Reproducible Scalable Workflows with Nix, Papermill and Renku
Rohit Goswami (~HaoZeke) |
The provenance of Jupyter notebook interfaces can no longer be denied in the data-science and analysis community. In particular, fledgling and "fresh out of school" researchers and practitioners are used to using Jupyter notebooks for their initial analysis. As might be expected, these workflows are difficult to reproduce and also store. Caching efficiency and dependency re-use are almost always sub-optimal with virtual environments, compared to native installations, and the same issues (along with additional security concerns) plague docker setups as well. There are a set of Jupyter tools which have evolved to close this gap, like JupyText. However, the fundamental aspect of reproducing workflows on high performance computing clusters, of being able to compose programmatically, compilation rules which efficiently use underlying hardware with minimal user intervention is still not a solved problem. In this talk, I will discuss packaging Python applications and workflows in an end-to-end composable manner using the Nix ecosystem, which leverages a functional programming paradigm and then show how this allows for both user-friendly low-compute analysis, while being scalable on large clusters. To that end, the tools introduced will be:
- The Nix programming language (emphasis on developer environments for python with mkShell)
- Jupyter Python kernels (the Xeus kernel for Python debugging) and Jupytext
- Papermill for parameterizing notebooks
- Renku for tracing provenance
The goal is to have the audience familiarized with the best practices for reproducibility and analysis. The focus will be on scientific HPC applications, though any managed cluster can and will benefit from the practices described.
- Introduction: 1 Min
- Python Packaging: 2 Min
- Nix Introduction and Philosophy: 7 Min
- Project Setup and Workflow: 3 Min
- Reproducibility, definitions and tools: 7 Min
- Cluster Management and Data provenance: 5 Min
- Conclusions and Future Directions: 2 Min
QnA. : 5 Min
An understanding of the python packaging ecosystem and it's shortcomings will be covered briefly, but prior experience would be desirable.

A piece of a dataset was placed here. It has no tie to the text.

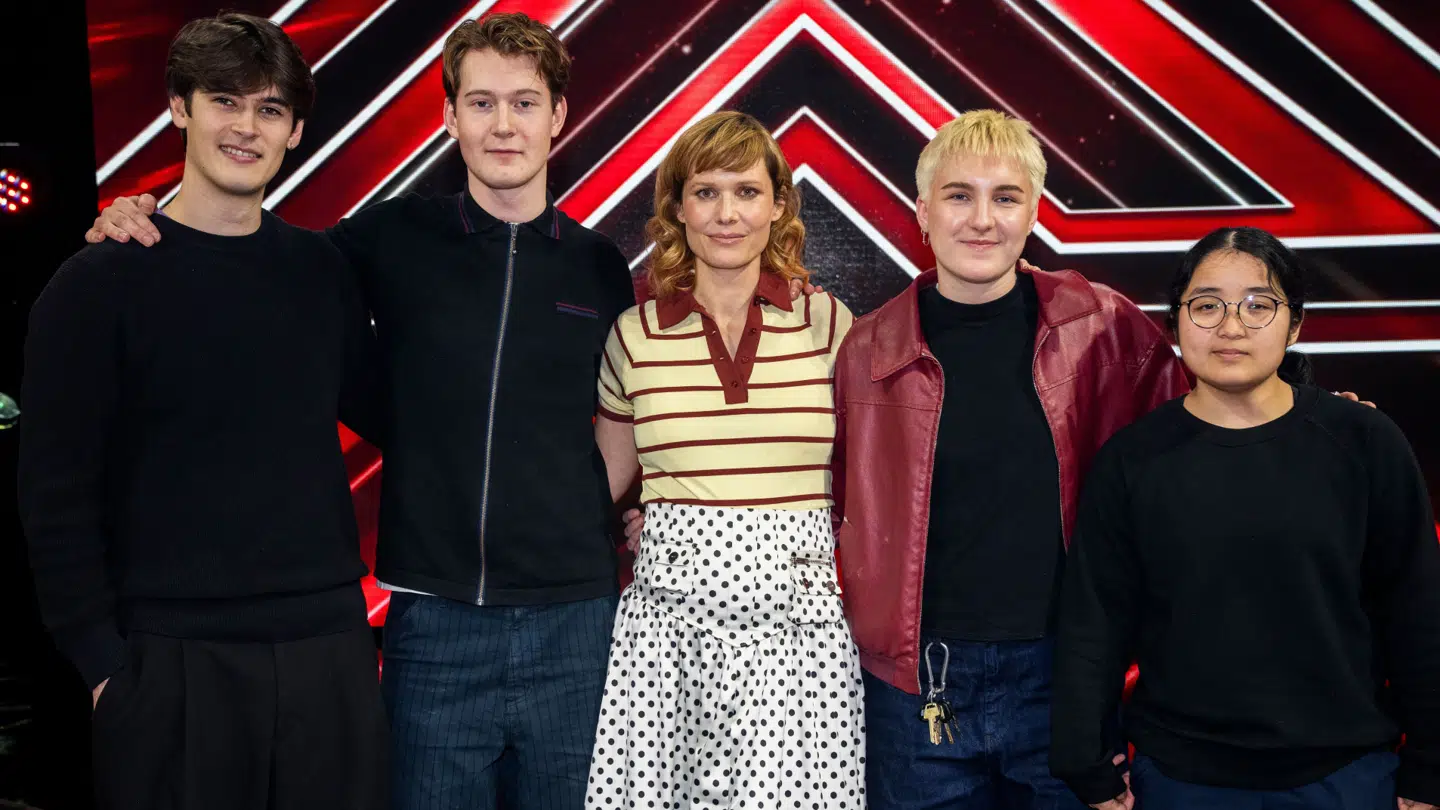 Oh Land med sit 'X Factor'-hold.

- Experience working with large-data workflows
- Typically this would involve running say, a standard GPU computation on Colab
- Experience with HPC architecture and managers like PBS Torque/SLURM
- Also tooling like LMod
A more in-depth introductory workshop on Nix itself given by me (and Amrita Goswami) at CarpentryCon2020 is here:
I'm presently a doctoral researcher at the University of Iceland in the School of Natural Science and Engineering. I work on large-data problems at the intersection of quantum chemistry and machine learning in the Faculty of Physical Sciences and have over ten years of FOSS development experience. I am an OSI (Open Source Initiative) advocate member, and am also a member of and contributor to other scientific and FOSS programming communities (e.g. the Carpentries). I have an eclectic set of interests, mostly centered around HPC algorithmic efficiency and reproducible science. In the past, I have been associated with IIT Kanpur, specifically the Chemical Engineering department, the HPC division, and the department of Chemistry. I am also the co-developer and author of the reproducible FOSS project d-SEAMS. I have a history of open source pedagogy as well, having been a CS106A Code in Place section leader, and also having co-taught a course on computational chemistry at the middle-school level.